Integrating the different tissue signatures generated a common day 1 signature in viral RNA positive tissues. These data show a robust day 1 proinflammatory gene expression signature in both local tissues and viral RNA positive distal tissues within 24 hours following intravaginal SIVmac251 inoculation (P = 5 × 10−8; Figure 4C). This common signature revealed upregulation of genes of the NFκB pathway, pro-inflammatory chemokines (CCL3), and genes expressed by monocytes/macrophages (CD14) and NK cells (TYROBP). The expression of this day 1 proinflammatory signature was also accompanied by the upregulation of several NLRs, including anti-inflammatory NLRs (NLRX1), and several genes of the anti-inflammatory TGF-β pathway (MAP4K4, TAB2, PPP1R15A). Importantly, expression of the day 1 signature correlated inversely with the antiviral ISG signature (P = 3 × 10−6; Figure 4D) and correlated directly with the inflammasome signature (P = 7 × 10−7; Figure 4D) across all animals in this study.

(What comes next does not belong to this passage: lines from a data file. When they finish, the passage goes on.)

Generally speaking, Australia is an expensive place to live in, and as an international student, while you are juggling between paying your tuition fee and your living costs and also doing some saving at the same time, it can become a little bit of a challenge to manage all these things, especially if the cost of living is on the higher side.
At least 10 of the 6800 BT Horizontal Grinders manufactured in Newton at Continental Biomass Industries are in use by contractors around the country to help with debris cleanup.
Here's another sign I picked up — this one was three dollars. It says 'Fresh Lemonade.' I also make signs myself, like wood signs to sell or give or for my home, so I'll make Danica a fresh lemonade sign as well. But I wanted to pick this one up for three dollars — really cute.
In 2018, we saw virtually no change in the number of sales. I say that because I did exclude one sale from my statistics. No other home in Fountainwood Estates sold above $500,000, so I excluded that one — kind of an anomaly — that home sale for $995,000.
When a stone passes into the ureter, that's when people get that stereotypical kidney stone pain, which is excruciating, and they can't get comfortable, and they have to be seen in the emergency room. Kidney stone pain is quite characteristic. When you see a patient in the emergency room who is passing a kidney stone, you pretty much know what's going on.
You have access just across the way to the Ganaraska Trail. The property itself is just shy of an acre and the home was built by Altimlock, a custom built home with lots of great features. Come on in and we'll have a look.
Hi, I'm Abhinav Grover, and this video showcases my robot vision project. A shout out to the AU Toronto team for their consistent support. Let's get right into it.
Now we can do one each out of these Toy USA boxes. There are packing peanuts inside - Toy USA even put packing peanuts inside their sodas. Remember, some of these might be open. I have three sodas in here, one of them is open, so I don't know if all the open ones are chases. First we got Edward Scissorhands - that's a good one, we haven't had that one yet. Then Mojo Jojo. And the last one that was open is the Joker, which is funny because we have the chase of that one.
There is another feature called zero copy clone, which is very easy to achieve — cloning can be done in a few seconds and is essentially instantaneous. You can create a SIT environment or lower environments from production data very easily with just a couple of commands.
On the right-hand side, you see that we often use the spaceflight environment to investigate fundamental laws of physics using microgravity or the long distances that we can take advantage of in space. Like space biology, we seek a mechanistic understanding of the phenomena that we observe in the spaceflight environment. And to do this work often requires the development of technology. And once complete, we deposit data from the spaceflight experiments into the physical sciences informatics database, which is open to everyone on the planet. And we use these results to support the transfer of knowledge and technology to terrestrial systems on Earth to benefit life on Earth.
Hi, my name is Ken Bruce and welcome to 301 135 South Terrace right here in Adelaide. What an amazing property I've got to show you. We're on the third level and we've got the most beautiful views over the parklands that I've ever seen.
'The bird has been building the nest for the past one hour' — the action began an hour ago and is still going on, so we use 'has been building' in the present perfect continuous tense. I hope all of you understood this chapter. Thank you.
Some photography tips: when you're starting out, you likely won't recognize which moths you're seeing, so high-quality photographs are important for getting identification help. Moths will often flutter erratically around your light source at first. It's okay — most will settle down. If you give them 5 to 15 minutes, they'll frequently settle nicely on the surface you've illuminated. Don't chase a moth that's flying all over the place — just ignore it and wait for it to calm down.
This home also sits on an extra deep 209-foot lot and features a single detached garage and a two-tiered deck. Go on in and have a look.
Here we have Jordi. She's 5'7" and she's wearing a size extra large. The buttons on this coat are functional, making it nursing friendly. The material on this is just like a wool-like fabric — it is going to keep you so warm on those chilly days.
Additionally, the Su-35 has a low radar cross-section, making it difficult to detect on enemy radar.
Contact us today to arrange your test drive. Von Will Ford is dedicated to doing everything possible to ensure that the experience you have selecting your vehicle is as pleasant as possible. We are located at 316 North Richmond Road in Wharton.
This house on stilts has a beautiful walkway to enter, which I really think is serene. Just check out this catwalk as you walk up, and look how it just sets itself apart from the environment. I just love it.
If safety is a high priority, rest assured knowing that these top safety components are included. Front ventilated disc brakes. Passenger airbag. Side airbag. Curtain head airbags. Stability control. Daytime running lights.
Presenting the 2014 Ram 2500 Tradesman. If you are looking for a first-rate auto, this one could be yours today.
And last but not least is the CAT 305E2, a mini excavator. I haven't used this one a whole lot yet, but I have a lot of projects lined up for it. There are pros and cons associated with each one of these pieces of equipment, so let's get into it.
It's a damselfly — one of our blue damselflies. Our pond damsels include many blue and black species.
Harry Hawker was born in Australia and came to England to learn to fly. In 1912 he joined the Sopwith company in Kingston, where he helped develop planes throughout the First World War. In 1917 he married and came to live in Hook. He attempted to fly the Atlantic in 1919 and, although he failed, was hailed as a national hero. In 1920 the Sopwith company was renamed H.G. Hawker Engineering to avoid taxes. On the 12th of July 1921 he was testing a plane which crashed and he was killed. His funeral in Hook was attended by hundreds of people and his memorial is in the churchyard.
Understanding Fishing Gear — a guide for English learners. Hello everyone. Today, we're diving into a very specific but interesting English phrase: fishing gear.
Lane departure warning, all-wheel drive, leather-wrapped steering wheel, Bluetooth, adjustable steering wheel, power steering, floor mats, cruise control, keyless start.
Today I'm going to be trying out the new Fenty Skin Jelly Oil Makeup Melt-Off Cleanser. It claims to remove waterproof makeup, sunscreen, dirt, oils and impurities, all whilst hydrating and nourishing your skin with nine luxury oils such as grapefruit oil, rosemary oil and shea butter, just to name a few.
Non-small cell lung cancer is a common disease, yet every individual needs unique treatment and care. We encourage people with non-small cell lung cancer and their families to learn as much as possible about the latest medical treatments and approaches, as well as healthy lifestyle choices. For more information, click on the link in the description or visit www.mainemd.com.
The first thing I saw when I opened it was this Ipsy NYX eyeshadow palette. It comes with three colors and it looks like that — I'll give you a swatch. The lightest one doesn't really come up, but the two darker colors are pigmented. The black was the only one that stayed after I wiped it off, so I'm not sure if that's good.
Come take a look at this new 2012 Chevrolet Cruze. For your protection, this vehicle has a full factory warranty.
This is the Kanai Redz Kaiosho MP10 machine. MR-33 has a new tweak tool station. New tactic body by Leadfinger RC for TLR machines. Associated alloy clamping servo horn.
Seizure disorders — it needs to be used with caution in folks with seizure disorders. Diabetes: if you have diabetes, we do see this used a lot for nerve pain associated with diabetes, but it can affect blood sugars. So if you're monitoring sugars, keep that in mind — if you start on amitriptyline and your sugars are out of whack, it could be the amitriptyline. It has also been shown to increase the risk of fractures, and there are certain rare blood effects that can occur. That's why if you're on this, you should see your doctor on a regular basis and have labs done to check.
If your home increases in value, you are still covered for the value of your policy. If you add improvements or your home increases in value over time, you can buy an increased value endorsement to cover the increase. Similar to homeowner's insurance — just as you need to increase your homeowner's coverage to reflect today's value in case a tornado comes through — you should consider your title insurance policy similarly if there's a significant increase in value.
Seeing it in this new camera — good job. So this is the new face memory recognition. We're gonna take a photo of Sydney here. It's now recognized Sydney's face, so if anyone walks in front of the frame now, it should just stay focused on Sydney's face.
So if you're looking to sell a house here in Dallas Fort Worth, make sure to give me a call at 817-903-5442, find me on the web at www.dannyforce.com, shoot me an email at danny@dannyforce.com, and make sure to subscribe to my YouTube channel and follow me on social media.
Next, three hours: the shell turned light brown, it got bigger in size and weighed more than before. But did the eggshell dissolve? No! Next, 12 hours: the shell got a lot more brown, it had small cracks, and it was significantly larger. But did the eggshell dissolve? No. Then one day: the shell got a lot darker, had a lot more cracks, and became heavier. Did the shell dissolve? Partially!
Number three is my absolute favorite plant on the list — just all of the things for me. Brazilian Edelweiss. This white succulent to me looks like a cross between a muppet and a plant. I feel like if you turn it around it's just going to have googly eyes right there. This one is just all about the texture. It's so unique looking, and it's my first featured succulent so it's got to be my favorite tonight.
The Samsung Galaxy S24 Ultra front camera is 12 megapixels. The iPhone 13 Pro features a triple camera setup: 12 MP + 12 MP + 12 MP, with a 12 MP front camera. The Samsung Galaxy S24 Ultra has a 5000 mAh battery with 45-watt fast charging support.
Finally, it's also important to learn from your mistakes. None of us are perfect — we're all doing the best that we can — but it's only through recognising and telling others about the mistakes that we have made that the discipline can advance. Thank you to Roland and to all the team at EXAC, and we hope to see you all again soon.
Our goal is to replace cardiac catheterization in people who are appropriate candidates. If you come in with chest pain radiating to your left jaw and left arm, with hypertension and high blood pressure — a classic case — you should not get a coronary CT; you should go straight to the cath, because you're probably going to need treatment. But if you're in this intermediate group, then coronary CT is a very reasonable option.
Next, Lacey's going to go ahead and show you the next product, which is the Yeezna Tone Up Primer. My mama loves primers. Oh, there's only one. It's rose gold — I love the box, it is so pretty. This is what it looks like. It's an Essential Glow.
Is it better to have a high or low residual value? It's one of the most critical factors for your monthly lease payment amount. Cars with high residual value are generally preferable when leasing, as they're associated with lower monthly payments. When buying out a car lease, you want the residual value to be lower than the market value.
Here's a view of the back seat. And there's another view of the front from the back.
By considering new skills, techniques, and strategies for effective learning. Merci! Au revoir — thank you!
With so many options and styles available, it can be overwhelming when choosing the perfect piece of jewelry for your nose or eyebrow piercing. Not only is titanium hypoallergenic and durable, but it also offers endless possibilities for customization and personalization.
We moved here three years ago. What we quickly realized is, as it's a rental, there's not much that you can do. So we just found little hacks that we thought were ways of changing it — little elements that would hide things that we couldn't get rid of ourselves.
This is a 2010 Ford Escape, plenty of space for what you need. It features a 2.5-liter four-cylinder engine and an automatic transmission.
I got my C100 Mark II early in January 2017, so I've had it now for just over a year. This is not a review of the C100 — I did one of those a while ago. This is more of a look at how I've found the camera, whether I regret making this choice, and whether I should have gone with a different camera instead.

Consistent with these findings, expression of NLRX1 also correlated inversely with expression of IRF7, a key antiviral ISG (P = 0.02; Figure 4E).

NLRX1 Expression Correlates with Early Virus Replication

NLRX1 is a negative regulator of the inflammasome pathway that inhibits expression of antiviral ISGs, IRF7, RIG-I, and TLRs (Allen et al., 2011; Moore et al., 2008) and was a component of the day 1 transcriptomic signature (arrow, Figure 4C). NLRX1 expression also correlated inversely with antiviral ISG expression at the site of inoculation (P = 0.02; Figure 5A) and correlated directly with the magnitude of viral RNA in gastrointestinal tissues at multiple timepoints (P = 2.6 × 10−3, Pearson correlation test; Figure 5B-C). Moreover, the subset of animals with the highest NLRX1 expression also demonstrated the highest levels of viral RNA (P = 4.3 × 10−3; Wilcoxon rank sum test, Figure 5D). Multiple additional NLRs (NLRP5, NLRP6, NLRP8, NLRC4) were also upregulated in addition to NLRX1 (Figure 5B, Supplementary Figure S4). NLRX1 gene upregulation was confirmed by Western blots for NLRX1 protein expression (P=0.016) and demonstrated an inverse correlation with IRF7 protein expression (P=0.008) (Supplementary Figure S6A-B), consistent with the transcriptomics data (Figure 4E).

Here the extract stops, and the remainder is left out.